A lawsuit against California’s controversial “fire prevention fee” (a.k.a. “fire tax”) will continue, despite being suspended earlier this month as part of a deal Republican leaders made to pass cap-and-trade.
The tax was levied on almost 800,000 rural property owners in mostly Republican districts. The plaintiffs are continuing with their lawsuit and may seek to have the tax refunded in full.
The Los Angeles Times reports:
The class-action lawsuit [filed by the Howard Jarvis Taxpayer Association] has survived several challenges, and a trial court decision could be reached in early fall, [according to] Jon Coupal, president of the taxpayer group.
The group will continue to pursue the lawsuit despite Monday’s vote.
“It’s a suspension [of the fee], not a repeal, and what government can give it can take away,” Coupal said, adding that the fire fee could be restored with a simple majority vote. “We are concerned it may be temporary. There has been a litany of broken promises and broken deals by the Democrat majority, and this is what has us so concerned.”
If the taxpayer group prevails, the courts could order the state to repay the entire $470 million it has collected from property owners during the last six years.

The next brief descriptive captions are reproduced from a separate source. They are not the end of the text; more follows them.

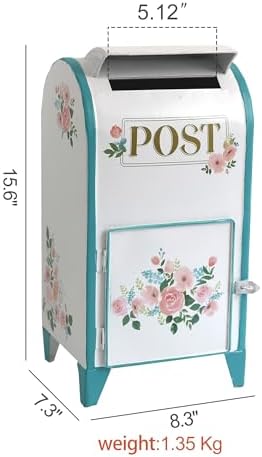 Vintage Wedding Mailbox Post Box Large Metal Wedding Decor Card Box Mail Boxes with Slot & Lid Flower Bird Design for Retro Antique Baby Birthday Shower Graduation Party Reception Gift - Image 2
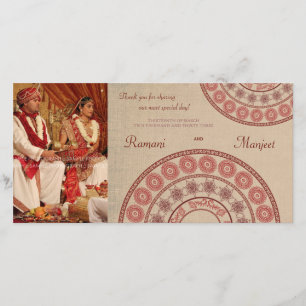 Agradecimiento Tarjeta de fotos de la india Henna Boda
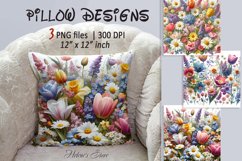 Spring flower pillow design | Watercolor Floral sublimation Product Image 1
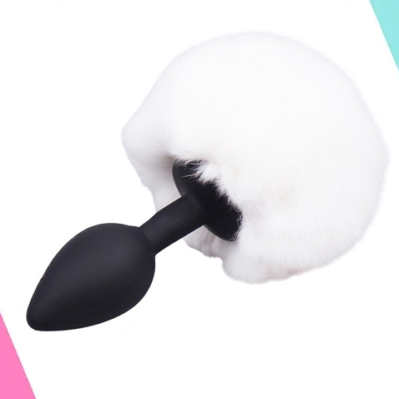 PLUG ANAL COLA DE CONEJO BLANCO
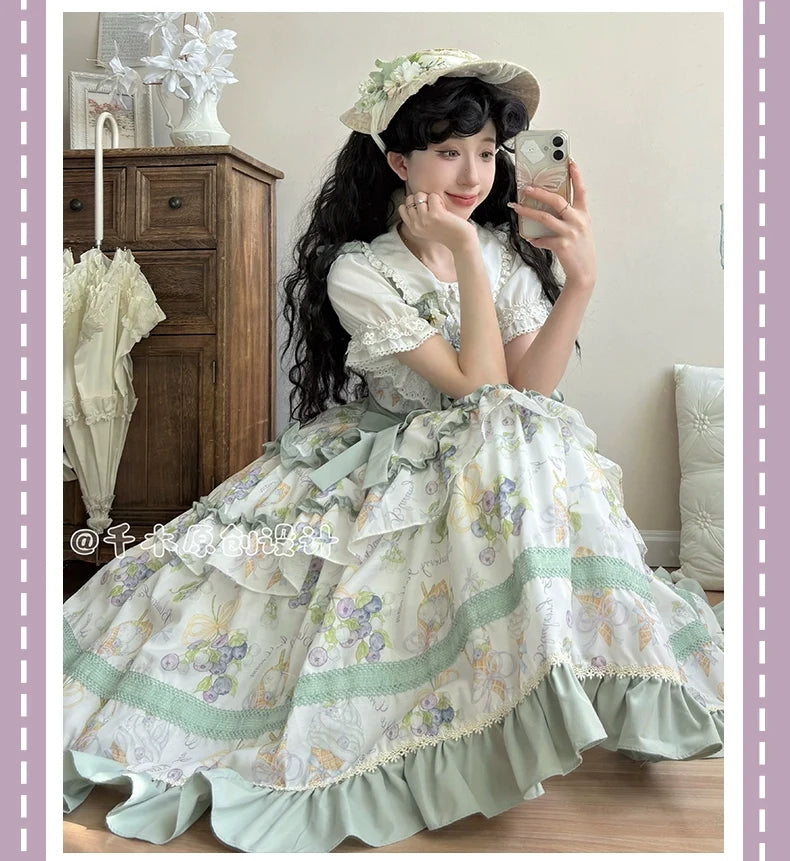 Qianmu - Blueberry Midsummer - Country Lolita Tiered JSK, Blueberry Print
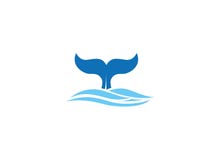 Balena che si tuffa in profondità nel mare e nella coda di manifestazione su per la progettazione di logo royalty illustrazione gratis Balena che si tuffa in profondità nel mare e nella coda di manifestazione su per la progettazione di logo royalty illustrazione gratis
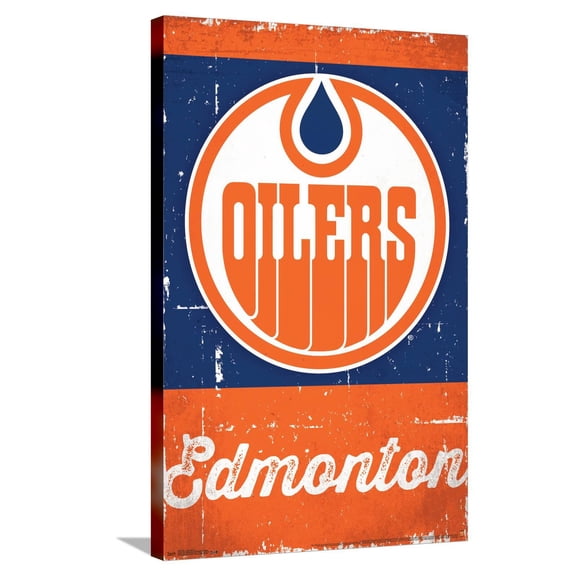 NHL Edmonton Oilers - Retro Logo 13 Canvas Wall Poster, 22.375" x 34"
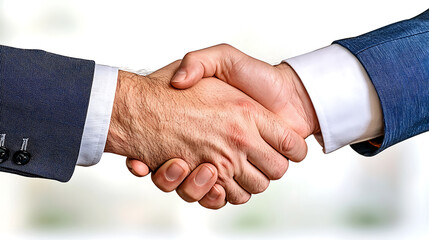 Two business professionals shaking hands in professional setting, symbolizing agreement and collaboration. image conveys sense of trust and partnership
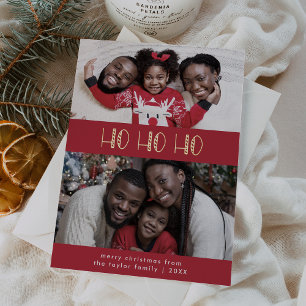 LUCY Gold Foil Fun Family Ho Ho Ho Photo Christmas Holiday Card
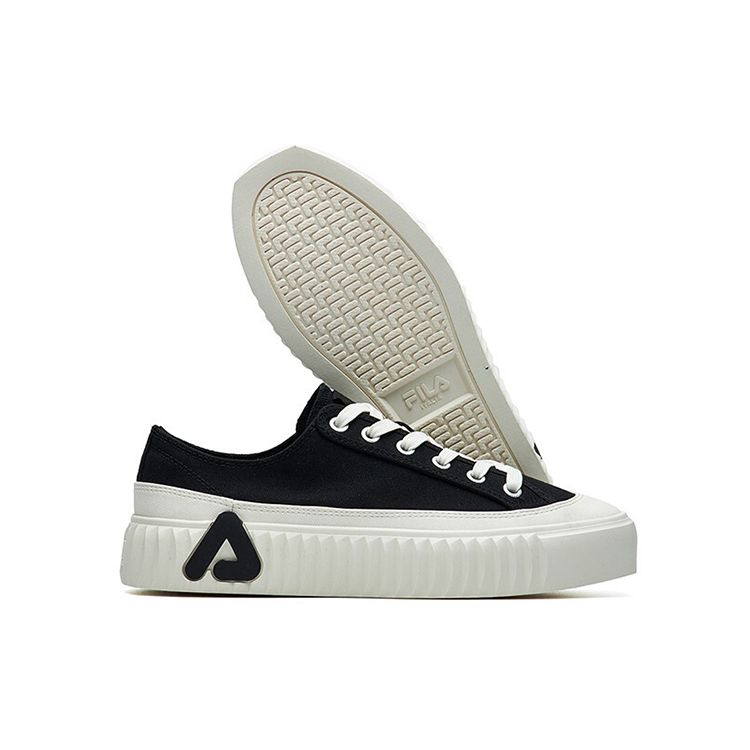 Fila Gear Canvas Slip Resistant Durable Lightweight Low Top Skate Shoes Women Sneakers Black F12W124342FBK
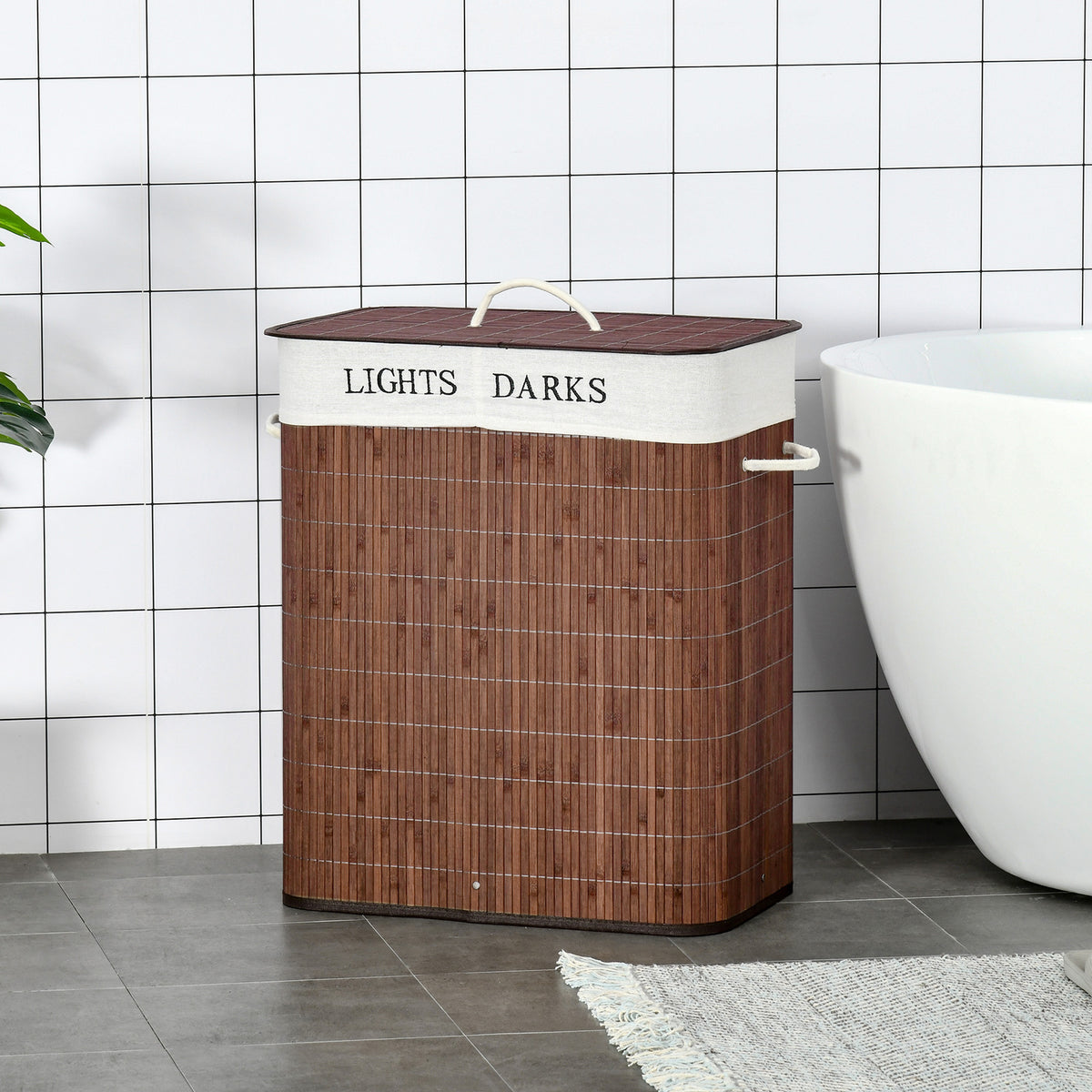 Panier à linge 100L avec 2 bacs bambou pliable couvercle poignée avec Sac amovible et lavable marron-1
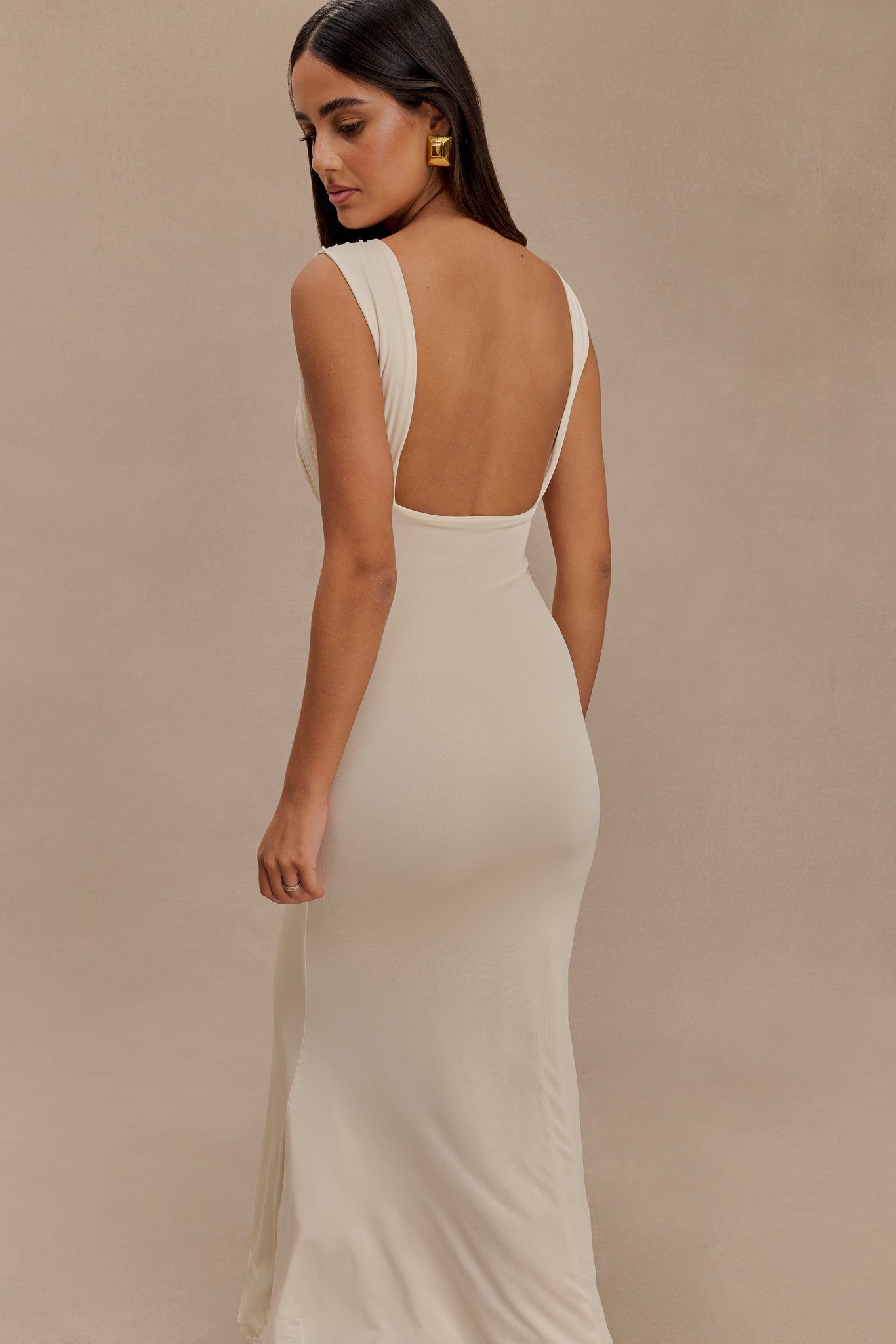 Malia Slinky Ruched Maxi Dress - Ivory #6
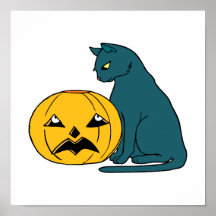 gato del gris azul que mira la calabaza impresiones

Republican legislators are divided over the impact of the deal struck last week, when eight Republicans, dubbed the “Swamp 8” by conservative pundits and talk radio hosts, voted in favor of Gov. Jerry Brown’s massive extension of California’s cap-and-Trade program.
Predictably, supporters of the bill — which the Legislative Analyst Office (LAO) predicts could push gasoline prices .63 to .73 higher are trying to spin the deal as a net tax cut and “a huge victory” for Californians.
But State Senator Ted Gaines (R-El Dorado Hills), the leading legislative critic of the “Fire Tax,” disagrees. “I view it as a bait and switch,” Gaines told the Times. “People may think that with the moratorium on the fire tax that it is a good thing, but you’ve got to weigh that against the cap-and-trade impact on gasoline and energy in California.”
The group suing the state over the “fire tax” has been encouraged by property owners forced to pay what they allege is an “illegal tax.”
If the courts agree, that could force the state to refund almost $500 million dollars collected since 2011 — much of which went to fund existing programs, not the new “fire prevention” efforts promised.
John Coupal of the Howard Jarvis Taxpayers Association estimates that the net effect of the passage of the cap-and Trade expansion, including the suspension of the rural “fire tax” will cost the average California driver more than $400 in higher gas prices.
“It’s not even close,” Coupal said. “The financial hit that middle-class Californians will take as a result of this legislation is going to be enormous.”